Introduction to Big Data
Big Data is an ambiguous relative term , for different conditions it’s constraints may vary . But certainly we can understand from it is not usual data , it cannot be processed using the regular methods.
How is Big Data relative ?
As the name says obviously it is Data and it is BIG . Let’s have a look at some examples :
Suppose you want to send some file to your friend via email and that file exceeds the limit of the attachment, we cannot use conventional email for sending large files.
Or if you are storing log files of a website’s users in excel sheet . Even though now you can store over a million rows (1,048,576) in excel after sometime it will reach it’s limit and analyzing the logs will not be possible. Web Giants like Google, Facebook, Twitter generate Terabytes , Petabytes of data daily certainly using this data is impossible unless we use a smart approach.

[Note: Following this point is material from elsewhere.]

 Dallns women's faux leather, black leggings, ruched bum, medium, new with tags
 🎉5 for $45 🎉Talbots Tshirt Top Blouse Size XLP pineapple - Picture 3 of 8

The another way to define Big Data is to look at the most common characteristics of Big Data . We have 3 V’s that define Big Data more precisely and they are as follows :
Now let’s discuss them individually
The term volume is self-explanatory , it simply means that the data is in such a large volume that it cannot be used using the traditional methods as explained earlier data generated by the Internet Giants like Facebook , Google etc is huge.
Leave the basic operations on this data the storing this much data is also a problem.
Velocity means that the data is coming in very fast , in conventional scientific research it could months to gather data, weeks to analyze data and years to publish the research . But this has changed very much now , Twitter gets more than 6,000 tweets per second which adds to more 500 million data per day and about 200 billion tweets per year.
This constant influx of data better known as Streaming Data presents special challenges for analysis because the data set itself is a moving target analyzing this can become very daunting to you if you are accustomed to analyze static data.
Now we get to the third aspect of Big Data , what we mean here is not just the rows and columns or formatted data in spreedsheets for instance but we can also have many unstructured data like Books , Blog Posts , Tweets etc .As we can see is that 80 % of the enterprise data is unstructured ,unstructured data can also include Photos, Audio and Videos . If we are dealing with NoSQL we may have Graphs , hierarchical structures , documents any set of data that may not fit into rows and columns structure.
As you can see analysis on this uneven data is challenging , studies shows that variety is the major factor for leading companies leading to Big Data solutions in fact variety was mentioned over 4 times as data volume.
Do we need all the three V’s (Volume , Velocity , Variety) to have Big Data ?
It may be true that if we have all the three v’s at once then we have Big Data but any one of them can be too much for our standard approach to data , what Big Data means that we cannot use our standard approach to use data.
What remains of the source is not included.